* [WHAT TO WORK ON]: Exclude the images, then return every line below exactly as written.

(Records contained in a dataset)
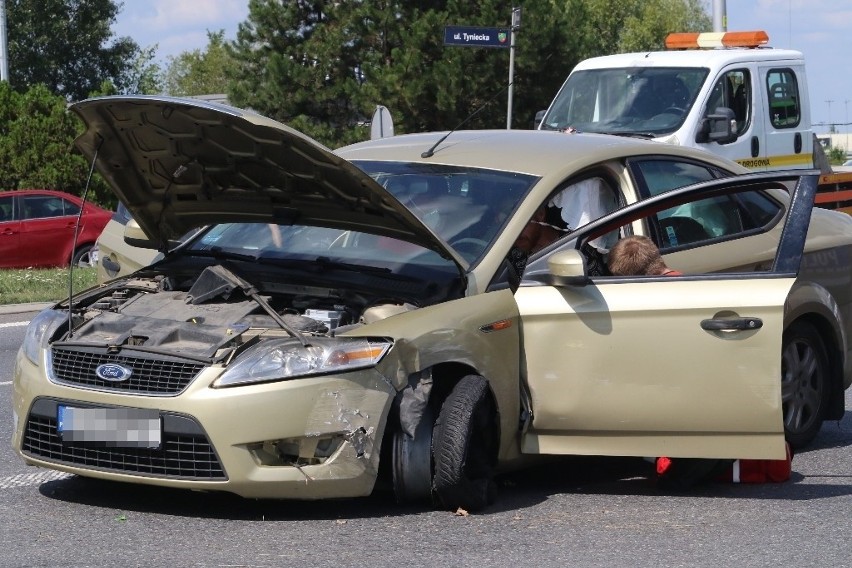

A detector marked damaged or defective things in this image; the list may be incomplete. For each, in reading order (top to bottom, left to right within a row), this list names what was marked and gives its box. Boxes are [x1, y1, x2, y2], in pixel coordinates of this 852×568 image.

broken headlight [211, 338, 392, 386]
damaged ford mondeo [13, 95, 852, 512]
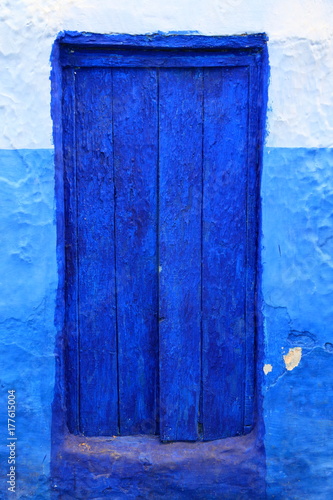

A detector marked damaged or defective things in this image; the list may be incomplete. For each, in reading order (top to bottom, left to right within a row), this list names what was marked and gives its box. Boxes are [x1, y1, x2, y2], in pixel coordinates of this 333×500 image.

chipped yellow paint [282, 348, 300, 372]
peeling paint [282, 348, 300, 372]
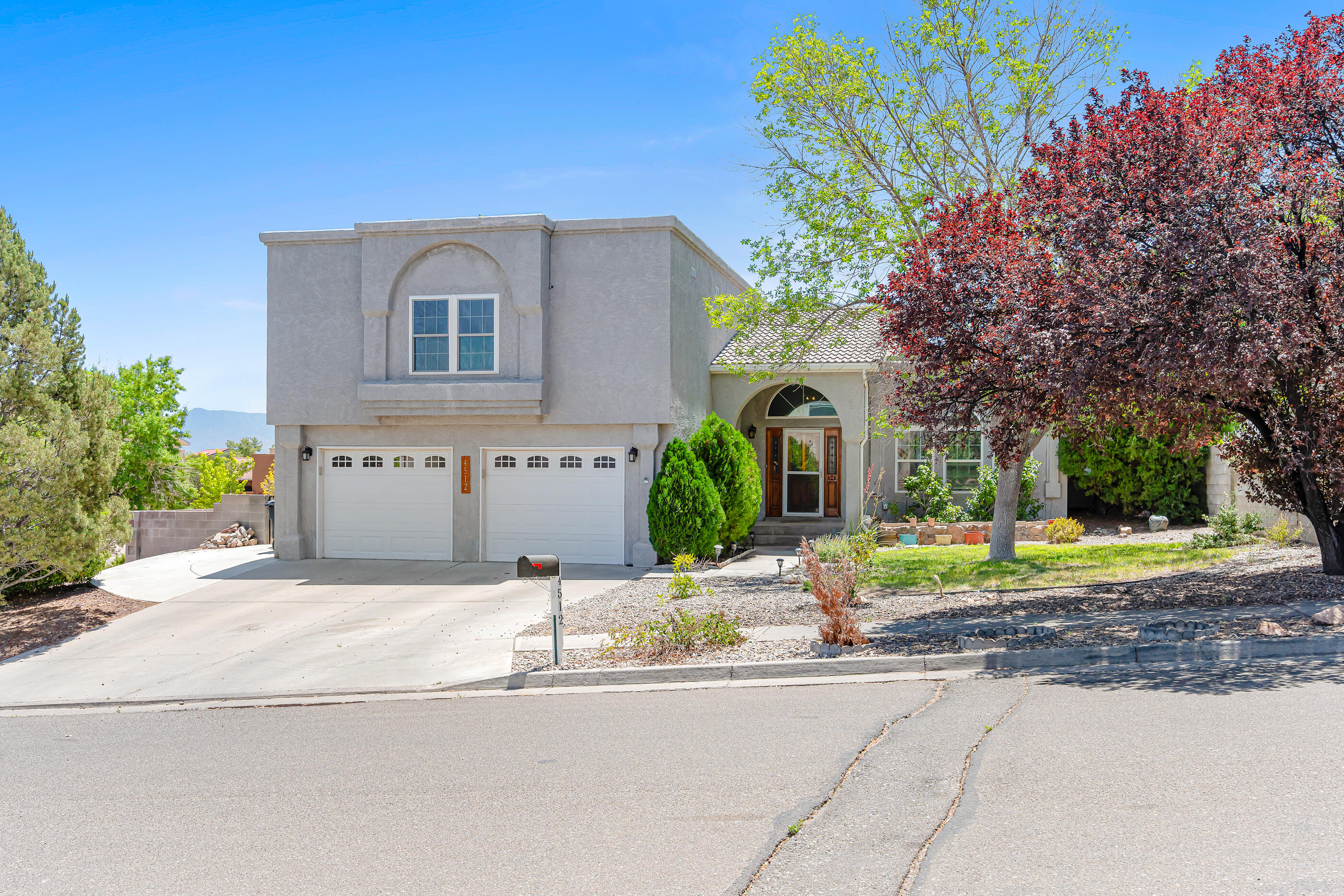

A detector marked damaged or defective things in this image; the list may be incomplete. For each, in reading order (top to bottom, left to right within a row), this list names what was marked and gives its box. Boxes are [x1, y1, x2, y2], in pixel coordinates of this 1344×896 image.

* [YOUR SOLUTION]:
A detector marked damaged or defective things in this image; the list may be incomplete. For each, in reading order (top to bottom, left to right within a row), this list names what was marked and gives its box. Boxes are [x1, y1, x2, y2], in pixel coordinates of this 852×568 image.

broken headlight [211, 338, 392, 386]
damaged ford mondeo [13, 95, 852, 512]

A detector marked damaged or defective things in this image; the list may be incomplete. For each, in reading order (top to bottom, left to right within a row), this list names what was marked and gives its box. Boxes are [x1, y1, x2, y2], in pixel coordinates of this 333×500 image.

chipped yellow paint [282, 348, 300, 372]
peeling paint [282, 348, 300, 372]

A detector marked damaged or defective things in this image; the list may be incomplete. For each, in reading order (top to bottom, left to right within a row), this list names what was marked and gives its box. Boxes are [x1, y1, x2, y2], in pixel coordinates of this 1344×896 image.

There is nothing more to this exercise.